# Your goal
Starting at the line that contains "ein altes Haus", print every remaining line of the entries, unchanged, and output nothing more.

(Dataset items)
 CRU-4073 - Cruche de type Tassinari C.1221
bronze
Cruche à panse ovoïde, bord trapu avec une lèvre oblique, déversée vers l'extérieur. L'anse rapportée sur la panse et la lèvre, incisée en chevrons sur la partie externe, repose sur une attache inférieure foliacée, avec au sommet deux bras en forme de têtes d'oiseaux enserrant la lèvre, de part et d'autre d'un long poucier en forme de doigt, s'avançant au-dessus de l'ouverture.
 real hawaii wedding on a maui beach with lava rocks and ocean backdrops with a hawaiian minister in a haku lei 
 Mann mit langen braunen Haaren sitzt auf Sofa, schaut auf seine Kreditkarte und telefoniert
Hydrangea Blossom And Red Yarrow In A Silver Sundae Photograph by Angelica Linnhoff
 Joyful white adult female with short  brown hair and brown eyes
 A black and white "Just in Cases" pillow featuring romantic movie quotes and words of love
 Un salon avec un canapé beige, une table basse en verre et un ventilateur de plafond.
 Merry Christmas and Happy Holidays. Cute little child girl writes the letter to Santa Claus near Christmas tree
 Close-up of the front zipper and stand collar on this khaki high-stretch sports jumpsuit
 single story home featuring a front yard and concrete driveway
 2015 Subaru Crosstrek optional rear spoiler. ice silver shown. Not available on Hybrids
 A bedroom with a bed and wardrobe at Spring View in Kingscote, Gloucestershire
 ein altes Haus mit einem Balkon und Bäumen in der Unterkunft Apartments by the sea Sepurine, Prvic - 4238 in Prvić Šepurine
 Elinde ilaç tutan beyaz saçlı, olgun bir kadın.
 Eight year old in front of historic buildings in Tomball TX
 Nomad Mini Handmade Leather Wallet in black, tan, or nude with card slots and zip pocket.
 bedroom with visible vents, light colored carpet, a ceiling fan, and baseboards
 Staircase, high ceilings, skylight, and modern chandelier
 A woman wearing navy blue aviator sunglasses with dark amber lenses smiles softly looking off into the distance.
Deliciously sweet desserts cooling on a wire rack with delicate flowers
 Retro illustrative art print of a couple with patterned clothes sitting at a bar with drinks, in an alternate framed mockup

# Answer below
 ein altes Haus mit einem Balkon und Bäumen in der Unterkunft Apartments by the sea Sepurine, Prvic - 4238 in Prvić Šepurine
 Elinde ilaç tutan beyaz saçlı, olgun bir kadın.
 Eight year old in front of historic buildings in Tomball TX
 Nomad Mini Handmade Leather Wallet in black, tan, or nude with card slots and zip pocket.
 bedroom with visible vents, light colored carpet, a ceiling fan, and baseboards
 Staircase, high ceilings, skylight, and modern chandelier
 A woman wearing navy blue aviator sunglasses with dark amber lenses smiles softly looking off into the distance.
Deliciously sweet desserts cooling on a wire rack with delicate flowers
 Retro illustrative art print of a couple with patterned clothes sitting at a bar with drinks, in an alternate framed mockup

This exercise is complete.